January 8, 2026
The US Raid on Venezuela: The View From Beijing
Griffin Allen

By: Griffin Allen | The Diplomat |
The recent capture of Nicolas Maduro serves as a stark warning to Chinese leaders about U.S. capabilities and resolve – a warning that is likely to bolster, rather than undermine, deterrence across the Taiwan Strait. While it’s not possible to know what’s in the mind of Xi Jinping, the United States’ capture of Maduro should give Xi Jinping pause as he sets his sights on Taiwan.
Fears that the capture of Maduro will encourage China to do something similar in Taiwan are overblown. First, and most importantly, China doesn’t need to use U.S. action as a pretext to act aggressively toward Taiwan.

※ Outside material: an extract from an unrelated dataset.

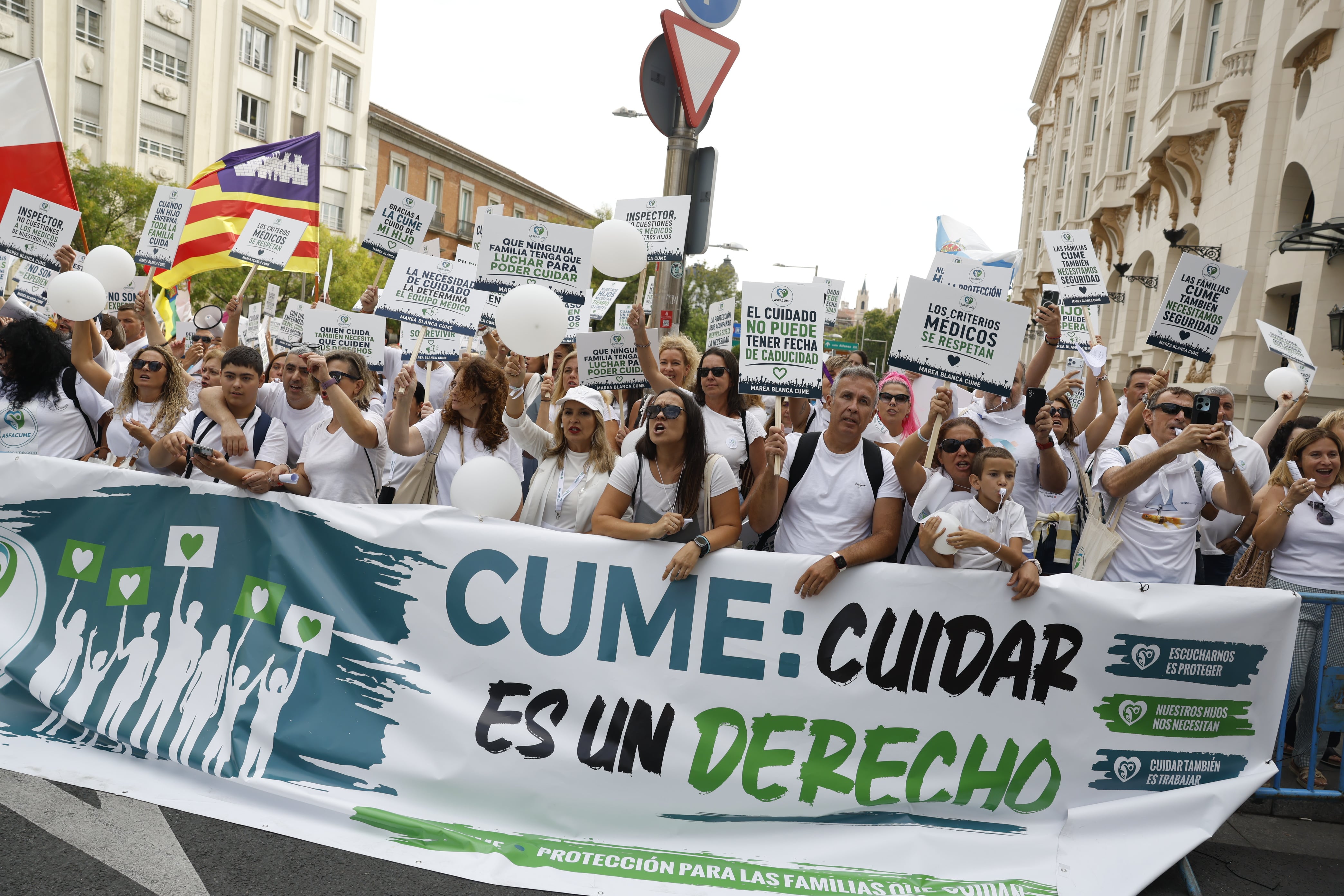 Las familias de los menores con enfermedades graves se concentran con pancartas y globos blancos para pedir una mejora de sus derechos.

China has worked hard to build a rationale for action against Taiwan by portraying it as a Chinese “internal affair.” To that end, it has conditioned its diplomatic relationships on acceptance of its “One China Principle.” As a result, due to China’s distortion of the reality in the Strait, China claims not to need to justify its intervention in Taiwan.
As far as Beijing is concerned, international law does not apply; cross-strait relations and U.S.-Venezuela ties are in no way analogous. For Beijing to say otherwise would be to undermine its own arguments regarding Taiwan. At most, the U.S. action against Maduro provides Beijing with fodder for propaganda and an imperfect view of how the international community reacts to leadership decapitation operations. Taiwan is far more central to global supply chains and strategic stability than Venezuela, and the international response would reflect that.